Better Know A Parish: Saint Catherine Laboure Church, Harrisburg, Pennsylvania
Parish Name: Saint Catherine Laboure Church
Location: Harrisburg, Pennsylvania
Pastor: Rev. Neil Sullivan
Number of Parishioners: 6,636
Parish website: www.sclhbg.org 
What makes your parish different from other parishes?
Saint Catherine Laboure was the first church in the world named for Saint Catherine Laboure following her canonization in 1947. Because of this honor we were privileged and blessed to have been given one of the surviving original Miraculous Medals that Saint Catherine had kept in her possession until her death. There are presently only two of these medals in the United States. We also have a Perpetual Miraculous Medal Novena each Monday night throughout the year.
What’s the most distinguishing characteristic of your church building?
Our magnificent windows are an integral part of the structure of the church. They were designed and created by the artist Gabriel Loire of France. The windows were made of small pieces of colored glass, which have irregularly shaped edges from being chipped by a hammer. This enables the glass to catch the sunlight and bends the light creating "walls of living light." Depending on the time of day and the season, the windows sparkle in different patterns. The primary color of the windows is blue which Loire considered the color of peace. Encircling the church are six large windows depicting the seven sacraments .
Who is your most interesting parishioner, and what makes them so interesting?
Our most interesting parishioner is Msgr. Vincent Topper, a retired priest who has lived in our Rectory since his retirement several years ago. Monsignor just turned 101 years old in July and has been a priest for more than 75 years. He says Mass on weekends and some weekdays, still hears confessions, still writes and researches material for his homilies on his computer, and still genuflects the whole way, putting the kids to shame. Our parishioners, especially the children, love him.
What’s the most popular event, ministry, or holiday tradition at your parish?
Saint Catherine Laboure Church has an active outreach which covers many areas, including Catherine's Cupboard (an emergency food pantry) and our commitment, tithing, and service to a sister parish in Panama. However, we are most proud of our ministry to the dying and their families. When one of our parishioners dies our bereavement team consisting of the pastor or parochial vicar, the director of music, and the bereavement coordinator meets with the family of the deceased to pray with them and to plan the funeral Mass. During these meetings they are invited to talk about their loved ones; to tell what kind of person they were, interesting things about their lives, and their faith life. Another team prepares and serves a luncheon free of charge. A few weeks after the funeral the bereavement coordinator, who is a trained social worker, will call the family, especially a surviving spouse, to check on them. Each year in November we have a beautiful solemn service of remembrance for all of the families who have lost loved ones during the past year. They are given a remembrance candle with their loved one's name to light for the service and take home to keep. Few people leave the service without being deeply touched.

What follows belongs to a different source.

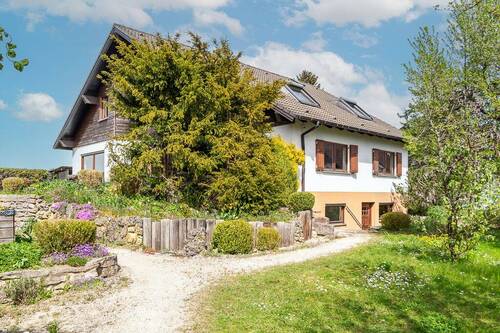 Hausansicht - Familienparadies in ruhiger Randlage mit Sauna, Pool & Fernblick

If we asked parishioners what they love most about the parish, what would they say?
I would hope that they would say that they feel that when they come to Saint Catherine Laboure Church, they're home like family. We are an active parish and have been working in many ways toward becoming a warm, welcoming parish that cherishes time and talent as much as treasure. We try to plan strong liturgies that encourage active participation, and create many opportunities for prayer and spiritual growth throughout the year by adult education as well as missions, days of recollection for our parish leadership and ministries, and various social events just so people can enjoy each other's company. We use social media daily to keep in contact with our parishioners, especially our young adults, families, and community and do as much as we can, especially during the holidays, to invite people to stay close to their faith and return to the sacraments if they need to.